*WHAT IS BEING ASKED*
In the material below, begin at the line that has "Building Photo - 750 S New Ave", stop after the line that has "Εννοείται... ο Δήμαρχος!", and transcribe those lines exactly, without pictures.

*INFORMATION*
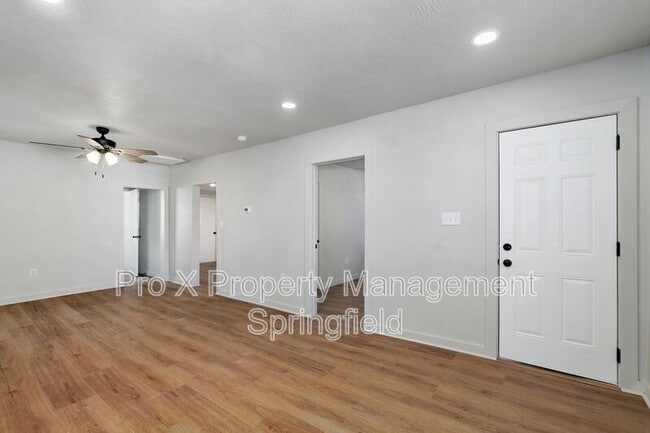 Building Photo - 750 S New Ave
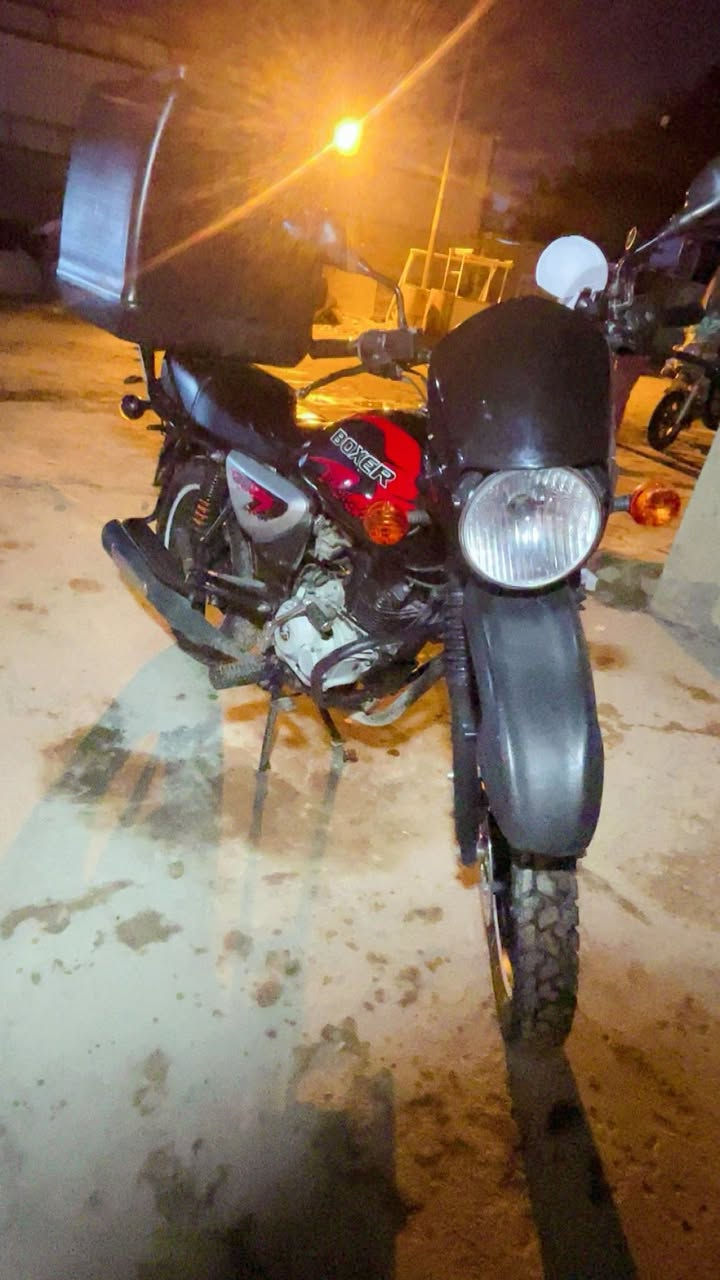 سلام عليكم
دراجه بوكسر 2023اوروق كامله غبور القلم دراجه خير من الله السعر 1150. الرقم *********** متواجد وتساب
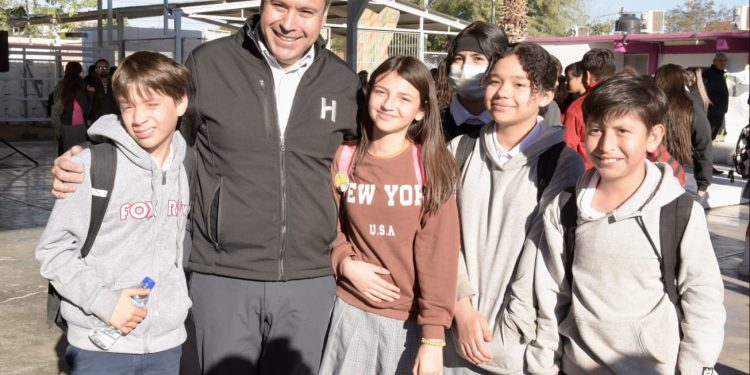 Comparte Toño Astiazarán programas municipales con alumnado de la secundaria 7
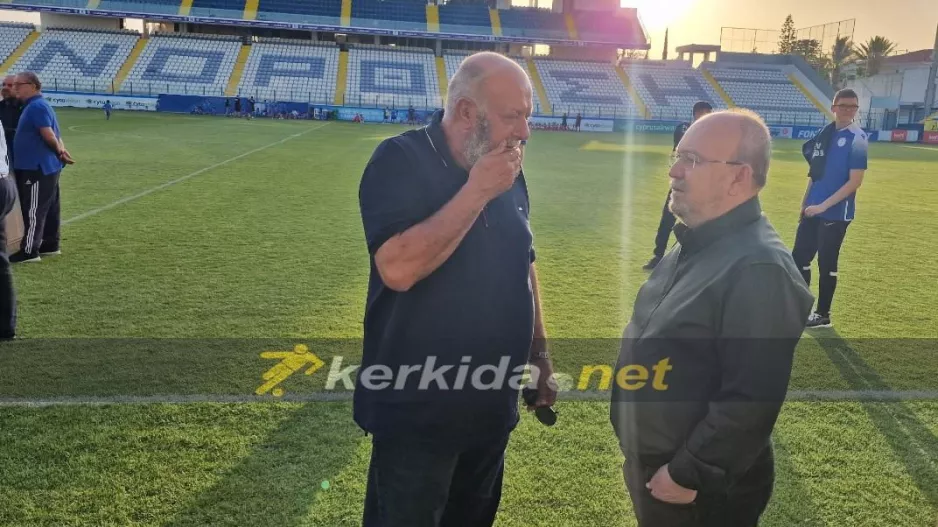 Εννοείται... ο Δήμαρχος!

--

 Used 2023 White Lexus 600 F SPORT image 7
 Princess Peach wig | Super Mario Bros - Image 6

*WRITTEN RESPONSE*
 Building Photo - 750 S New Ave
 سلام عليكم
دراجه بوكسر 2023اوروق كامله غبور القلم دراجه خير من الله السعر 1150. الرقم *********** متواجد وتساب
 Comparte Toño Astiazarán programas municipales con alumnado de la secundaria 7
 Εννοείται... ο Δήμαρχος!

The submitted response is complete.